◆ **HOW TO COMPLETE THIS TASK**: After finding "Dior Book Tote" in the data, write out its line and all following lines without change, up to and including the last one. Leave out pictures.

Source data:
____

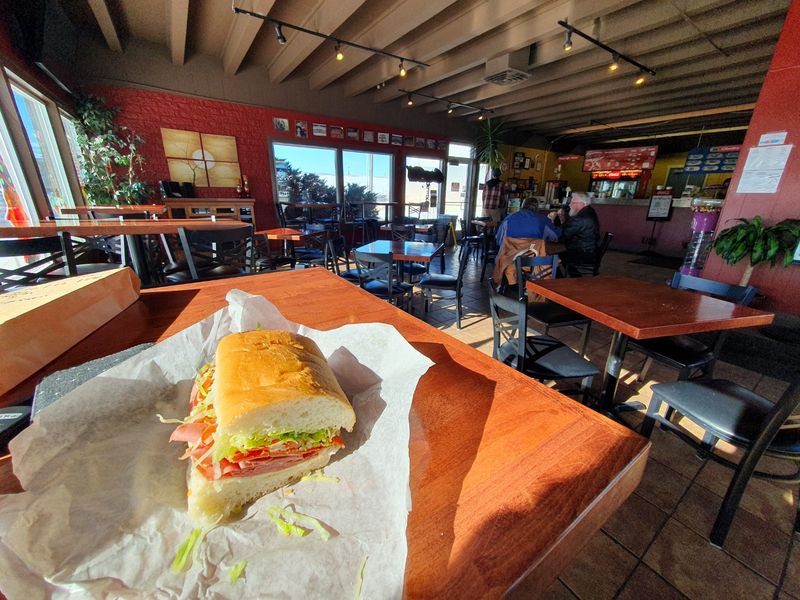 Ordering At The Counter Without The Guesswork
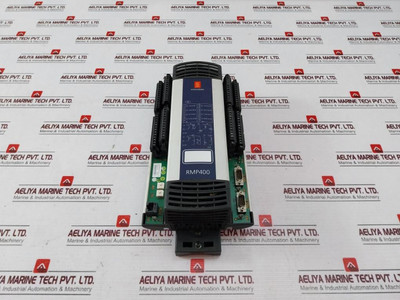 Kongsberg Rmp400 Remote I/O Module 603129 Used Kongsberg Rmp400 Remote I/O Module 603129 Used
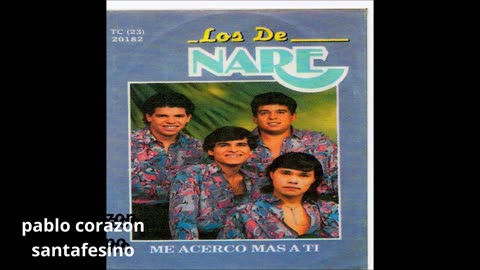 los del nare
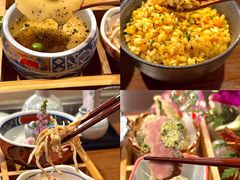 -岚山日本料理(珠江新城店)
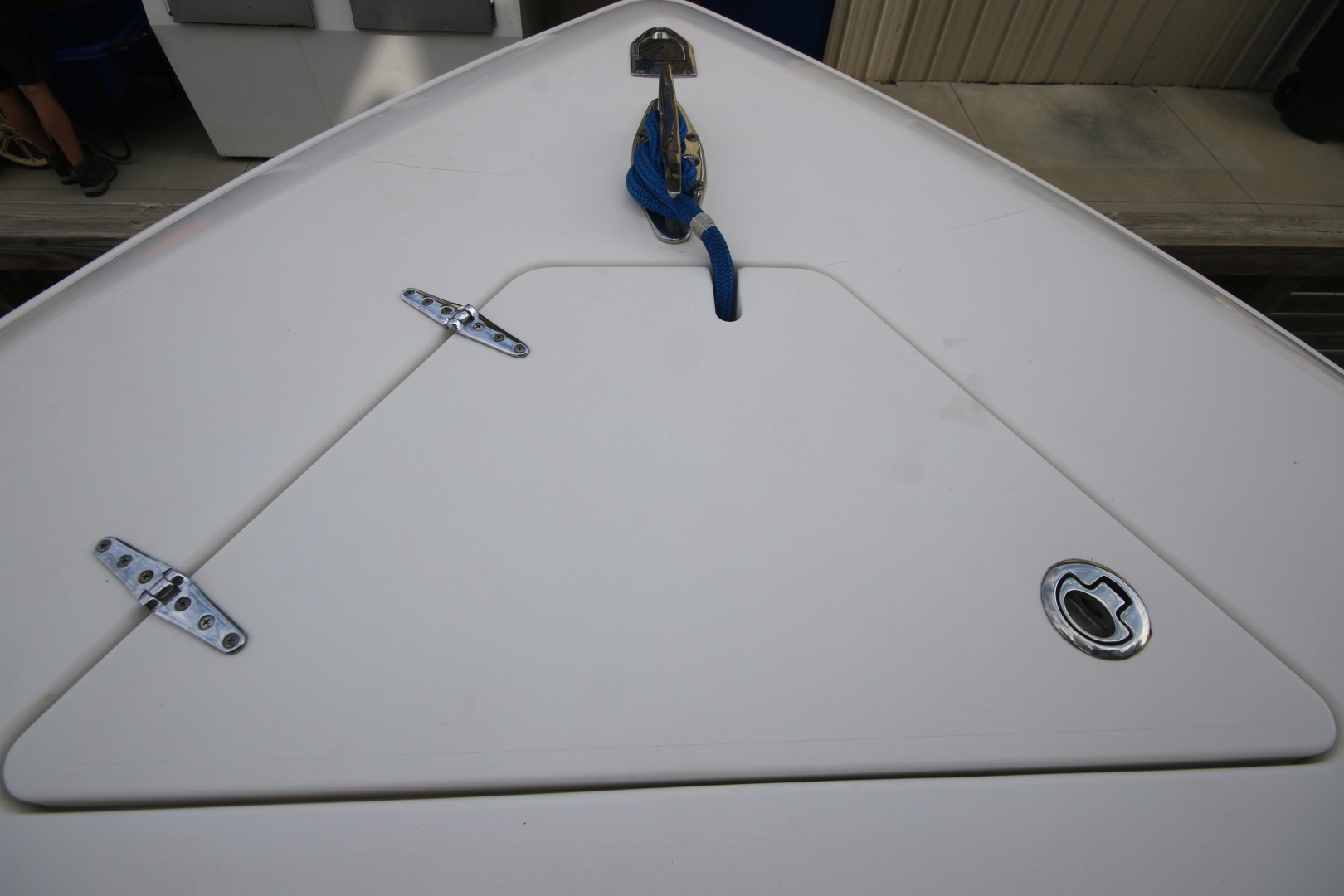 HARMONY 35ft Contender Yacht For Sale
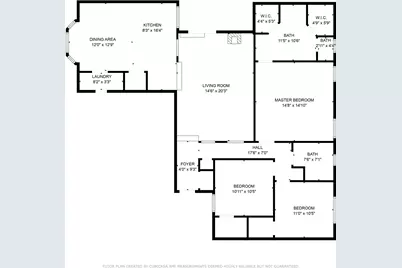 807 Salem Drive, Arlington, TX 76014 - Photo 17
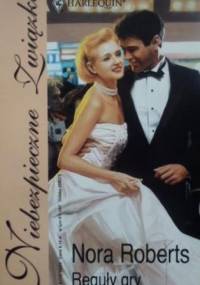 Reguły gry - Nora Roberts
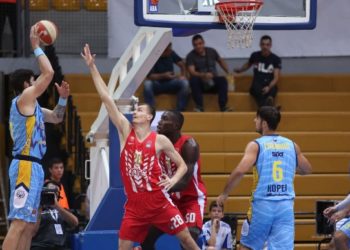 ABA Superkup: Partizan i Primorska u polufinalu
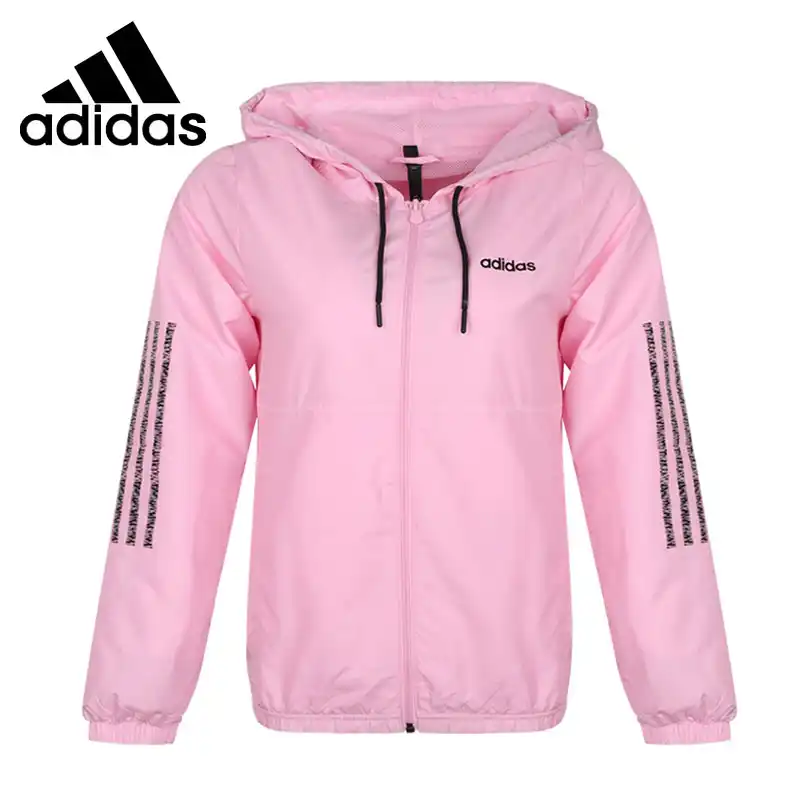 adidas neo jacket women's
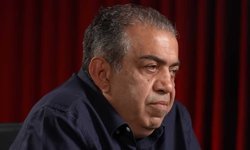 Bülent Timurlenk'ten Dursun Özbek'e: "Ya hep git ya da kal"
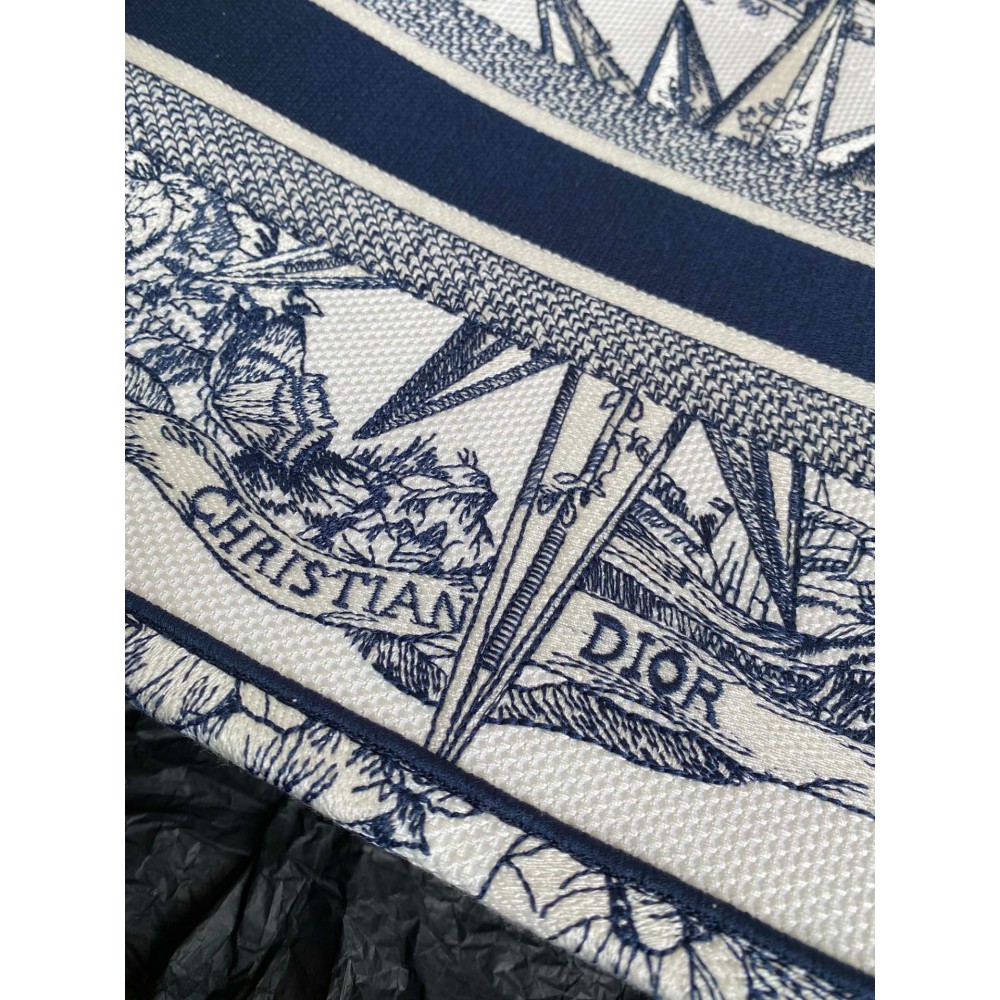 Dior Book Tote medium size 36.5 x 28 x 16.5 cm Bags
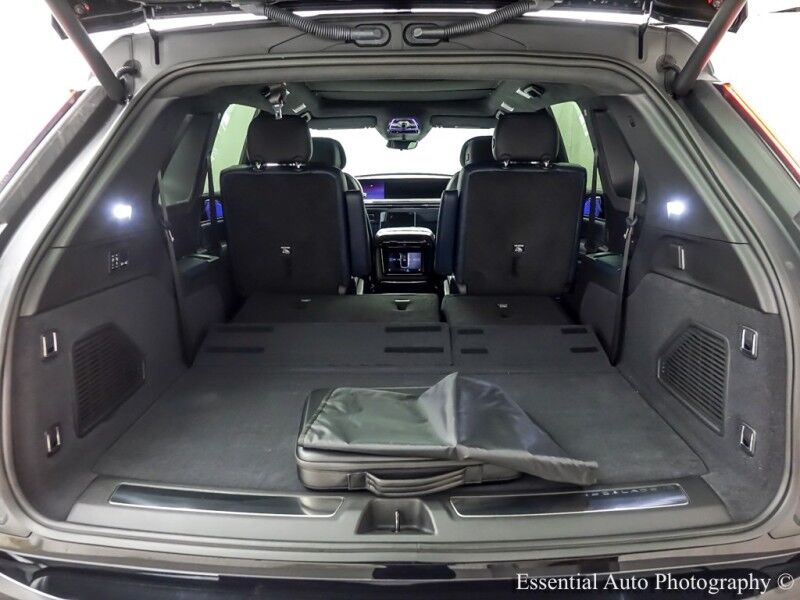 2025 Cadillac Escalade IQ Luxury 2 Willowbrook IL
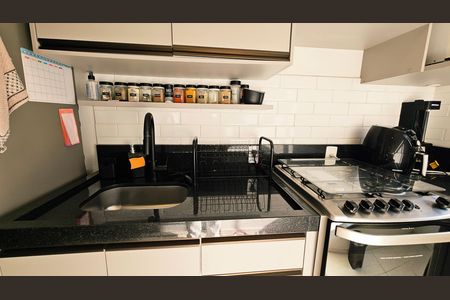 Apartamento à venda com 2 quartos, 47m² em Ponte Sao Joao, Jundiaí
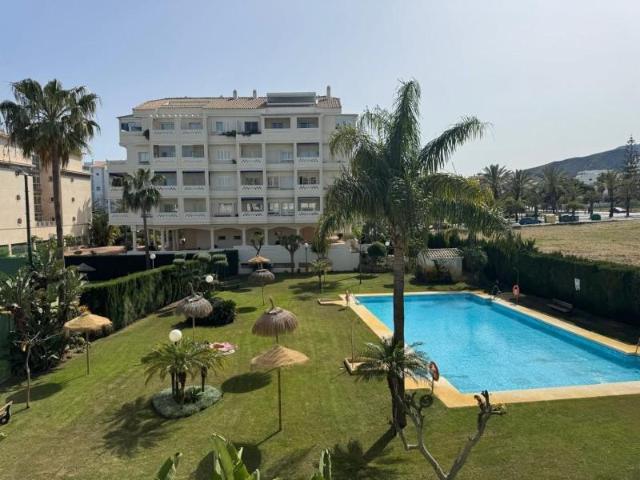 Piso en alquiler en Torremolinos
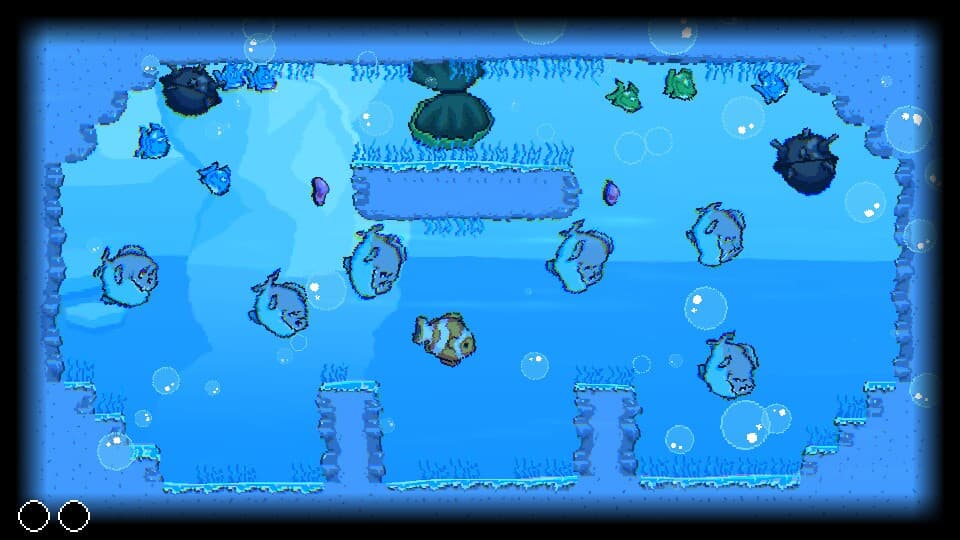 Water Chaos screenshot 4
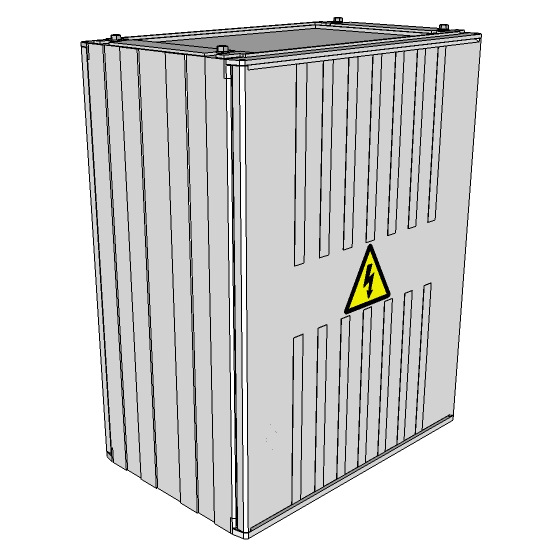 PR 4.2.3 vestavná IP43 (3D)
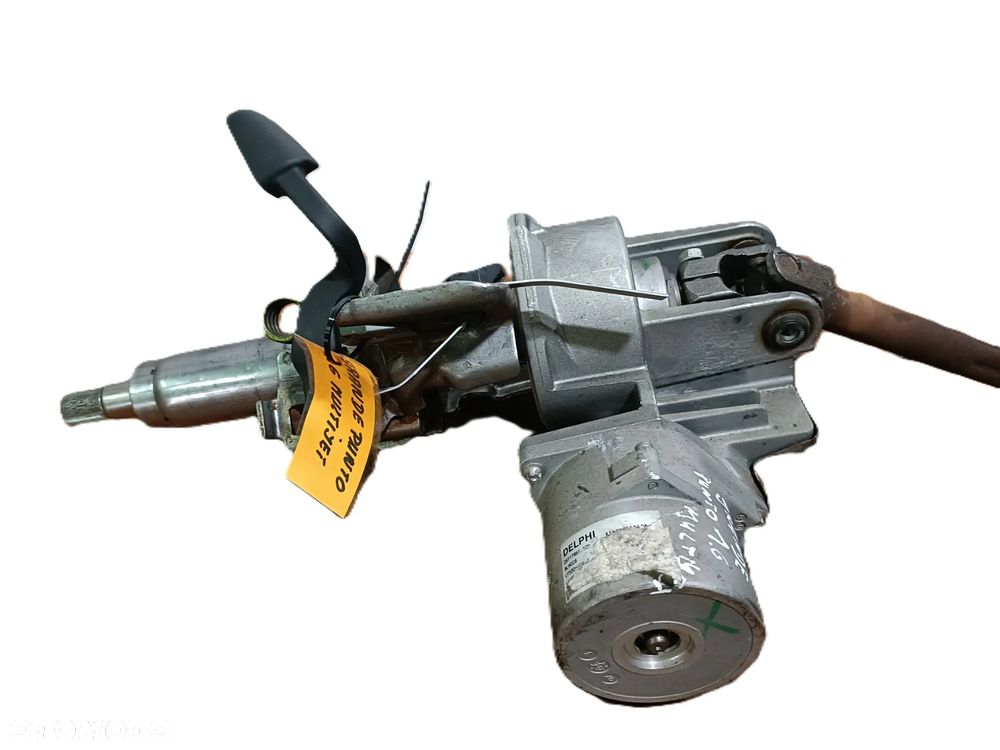 FIAT GRANDE PUNTO 05-12 r. 1,6 MULTIJET wspomaganie elektryczne DELPHI 26117861 55704065 * - 1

____

◆ **TASK SOLUTION**:
 Dior Book Tote medium size 36.5 x 28 x 16.5 cm Bags
 2025 Cadillac Escalade IQ Luxury 2 Willowbrook IL
 Apartamento à venda com 2 quartos, 47m² em Ponte Sao Joao, Jundiaí
 Piso en alquiler en Torremolinos
 Water Chaos screenshot 4
 PR 4.2.3 vestavná IP43 (3D)
 FIAT GRANDE PUNTO 05-12 r. 1,6 MULTIJET wspomaganie elektryczne DELPHI 26117861 55704065 * - 1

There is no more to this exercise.